How Long Does It Take To Win?

It takes time to nurture and develop your prospects. It isn’t easy to be known for the value you create or to prove you have ideas. The longer it takes you to prove you have the ideas and the ability to help, the longer it takes to create and win an opportunity.

It takes time to work through the discovery process with your dream client once they agree to meet with you. Trying to spend less time working to understand your client’s needs–and helping them to understand them–only increases the time it will take you to win that opportunity. If you win it at all.

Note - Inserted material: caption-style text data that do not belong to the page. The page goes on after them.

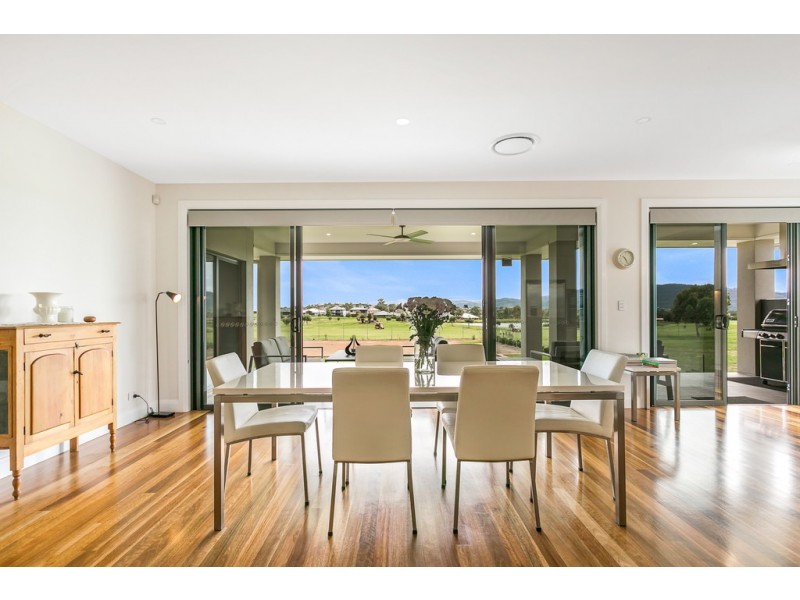 24 Rodeo Drive, Tamworth NSW 2340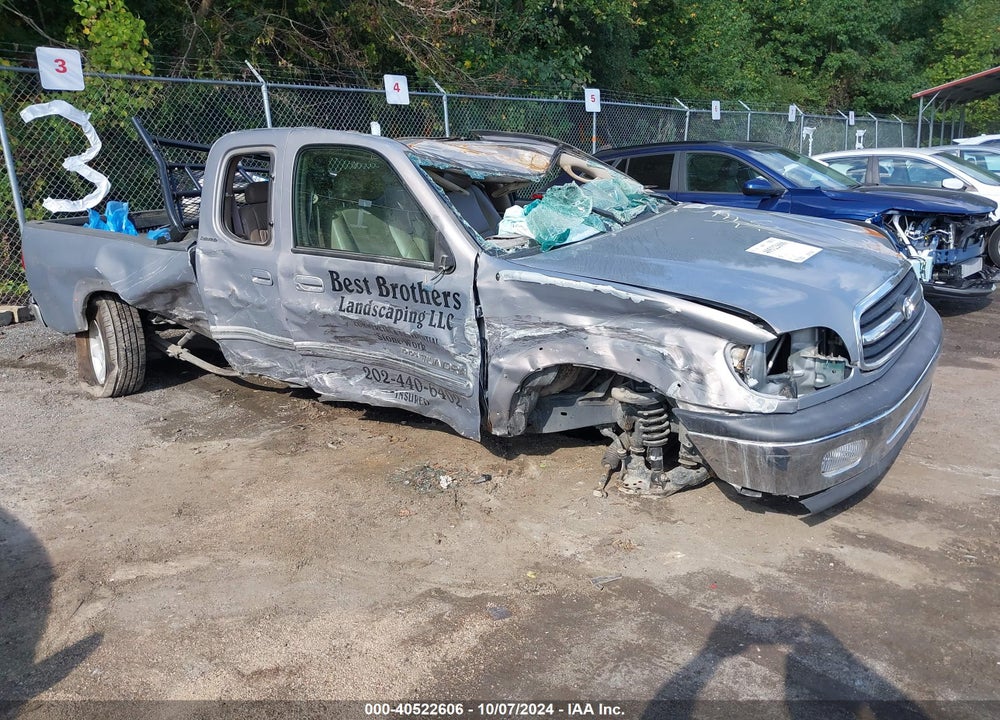 2001 TOYOTA TUNDRA LTD V8 VIN: 5TBRT38181S156419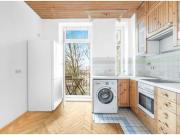 Jugendstil Altbau, 2 Zimmer plus Wohnküche mit...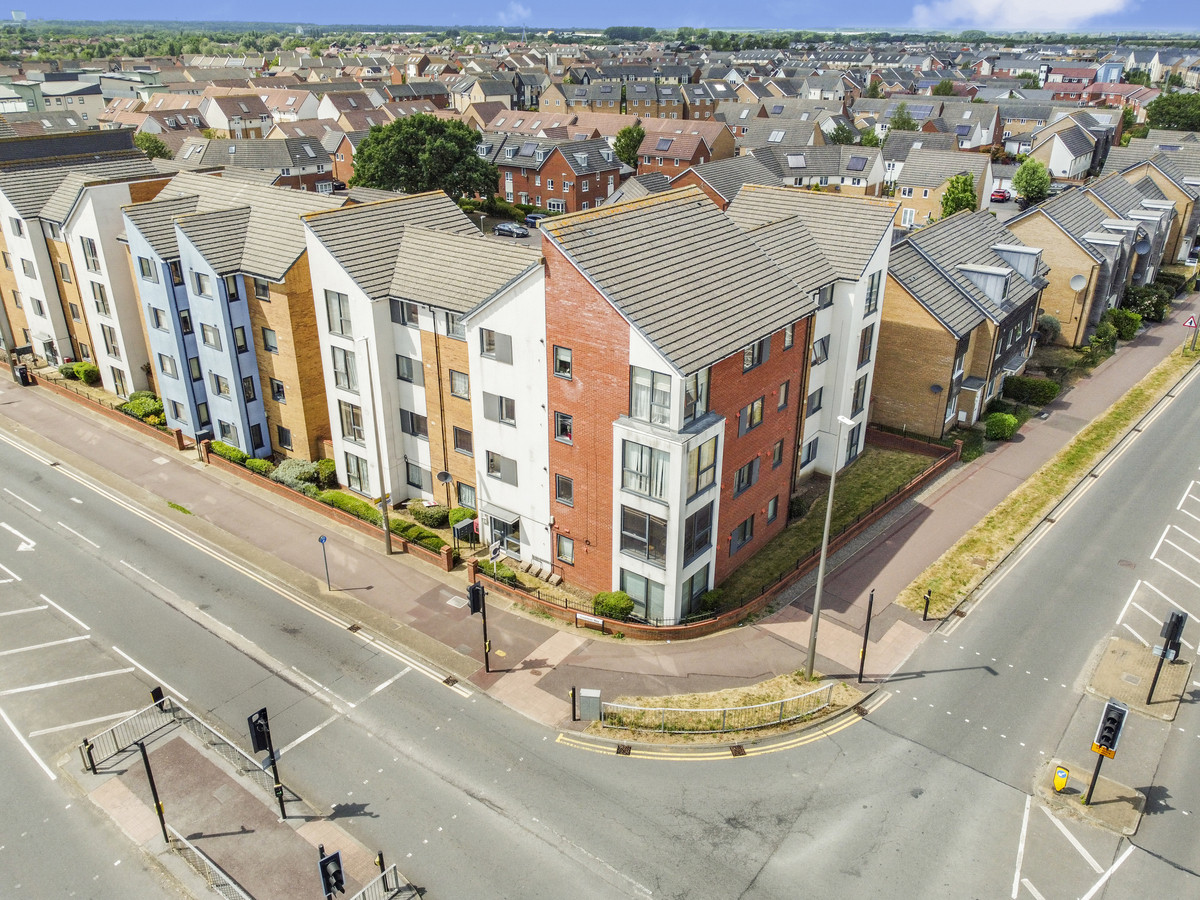 2 bedroom Apartment For Sale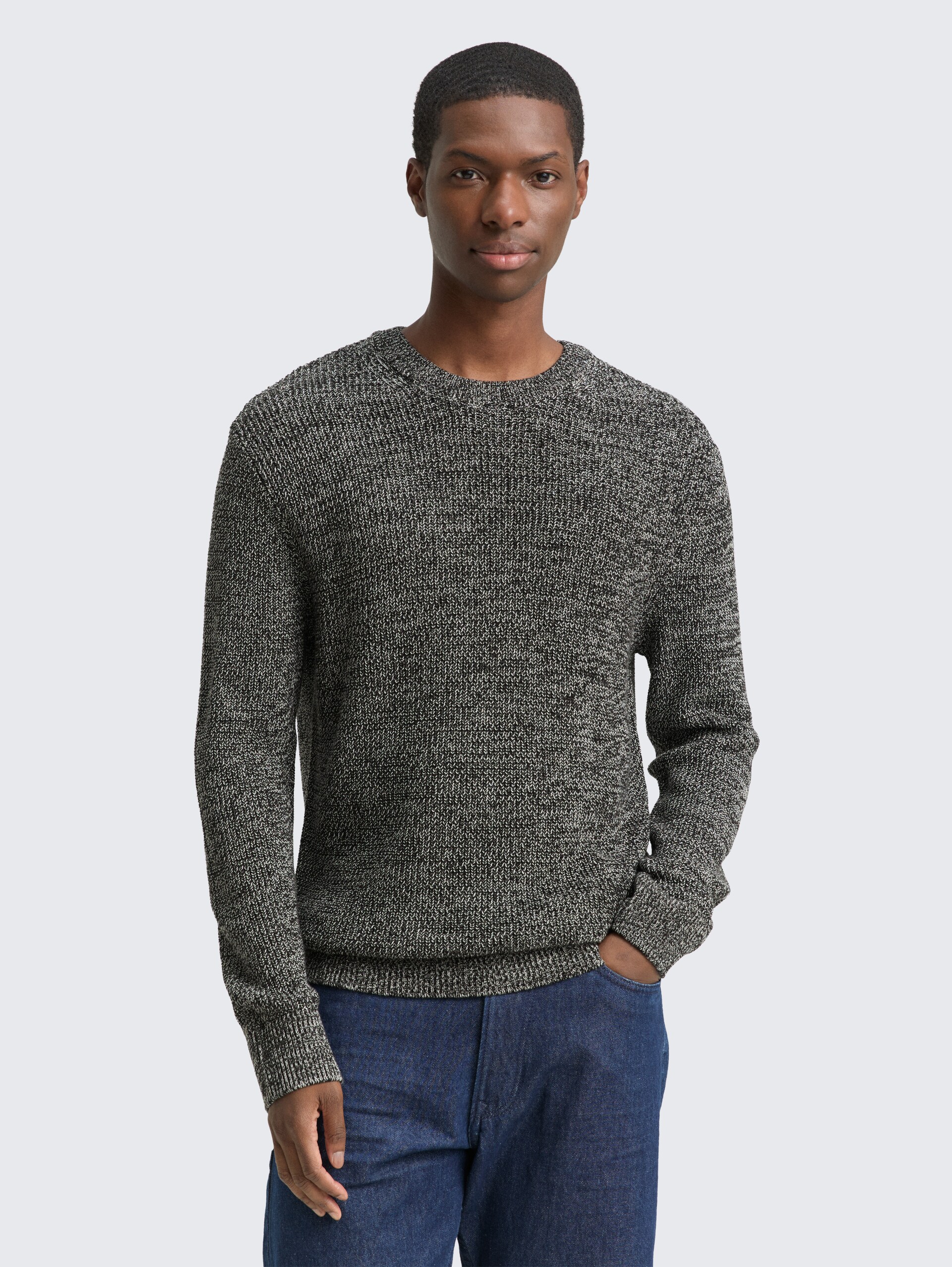 Strickpullover mit Rundhalsausschnitt - black white mouline - Ausschnitt Model-Vorderansicht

Rushing to present your solution in hopes of speeding things along actually slows the process of creating and winning an opportunity. It doesn’t mean that all the work that you should have completed up to that point doesn’t still need to be done. But it does mean that what you present isn’t going to be dialed in tight enough and that you aren’t likely to have the consensus you need.

You can sometimes find an opportunity at just the right time and acquire orders without following your sales process at all. That seems really fast. Until you actually start doing the work and realize that you and your new client didn’t do any of the work together that might have given you a reasonable opportunity to succeed together. Now what you won is at risk of being lost forever. The time you gained is now lost dealing with challenges you hadn’t anticipated.

You gain speed by having all the conversations and gaining all the commitments you need to create and win an opportunity. The sooner you have those conversations and the sooner you gain those commitments, the sooner you win your opportunity. Skipping stages to speed things along actually slows things down.

In all things with human beings, fast is slow and slow is fast. If you want faster results, do the work.